Disclaimer
The following is a review of a presentation given at FLOSSUK Spring DevOps Conference. The event was held at Mary Ward House in London between 15th-17th March 2016. Although this is a description of a presentation with some dissection of what was discussed it is not a verbatim account and will contain personal impressions and interpretation. The content therefore does not reflect the quality of the original presentation and should be considered a review and personal opinion.
This is one of a series of reviews of the talks I saw at the event.
Introduction
Dawn has spent a number of years working across the broad spectrum of software development organisations in the United States and beyond, she gave a very personal account of how to have an open source career and life. Her earlier career was working with manufacturers, since they do not see software as anything but a sunk cost, it isn’t their income they are averse to spending large sums. It is for this reason that there is a generous uptake of open source in the manufacturing industries.

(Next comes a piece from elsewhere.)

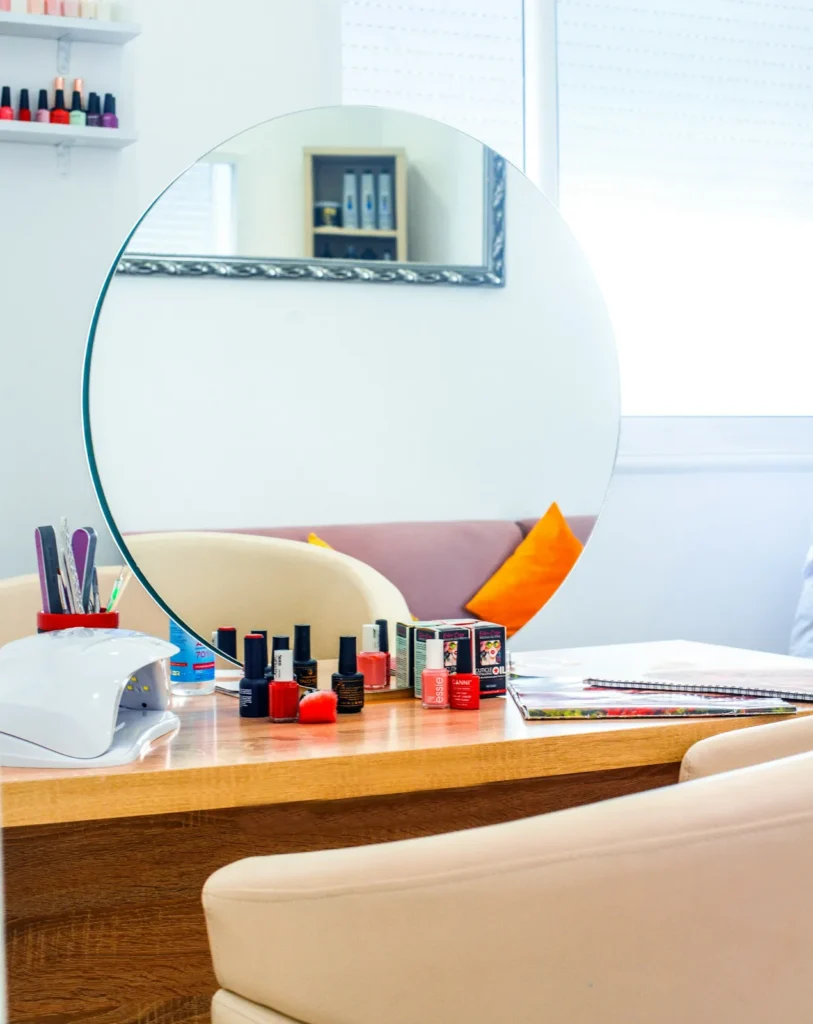 How to Report Fake Google Reviews on Your Business Profile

Dawn during her presentation
This is where Dawn first encountered OS and she quickly became fascinated by how the communities worked and in particular how they came to evolve such complex software projects.
A Career in Open Source
Dawn covered three main areas in her talk as well as highlighting many of the people she had worked with across various communities. She spoke on:
- Why have a career in Open Source?
- How to make it happen.
- Time Management - and how to avoid burnout.

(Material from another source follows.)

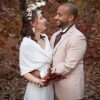 chauffe épaules mariage blanc cassé 3 chauffe épaules mariage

This very personal lists of reasons has echoes for me personally as it could have been a list I wrote myself. Dawn managed to summarise quite distinctly the reasons to be involved with communities. Splitting them into the three sections made them easier to absorb and relate to.
Why?
- Meet people from all over the world
- Meet them in different groups - the same people often belong to more than one community
- Travel - attend conferences and work with different companies of people
- Open Source feels like you can talk more freely and companies seem to enjoy being known for their use of free software - a badge of pride
- Open Source gives you more personal visibility
- Open Source shows your talents and work
- Free as in freedom
- Innovative
- Cooperative
- Interesting
- You get to have fun even with those people who are your competitors
How
- Start a new project - it should always be something that you need, not what you think others will want
- Build a project
- Build a company - Hard and rewarding
- Participate
- Learn new skills
- become known
- Open Source projects need people with lots of skills
- Work for an open source company
- Bring open source software into your current job
- Write and speak about open source
- Try consulting on the open source skills you have
- Companies need help to implement
- Companies can use open source contributors
- Documentation - the best route into any new project and the most common forst step
- Be Nice
- Be nice with people, not everyone has your abilities
- Improves your job chances - you never know where you may end up working
- Networking, keep in touch with people
- Makes for more interesting conversations
Time Management
- Prioritise
- everything seems urgent
- Most things will wait
- Delegate
- Wait, give other people time to contribute in conversations
- Don’t set a false expectation of what you can do
- Step back every now and again and recuperate
- Document processes and procedures
- Helps with delegation
- Builds FAQs
- Write common answers down
- Take time off for hobbies or a vacation
- Do something fun each day
Dawn’s talk was sensible, empathetic and thoughtful. It was clear that she had found a good balance in both her life, her career and her open source participation which was healthy for her.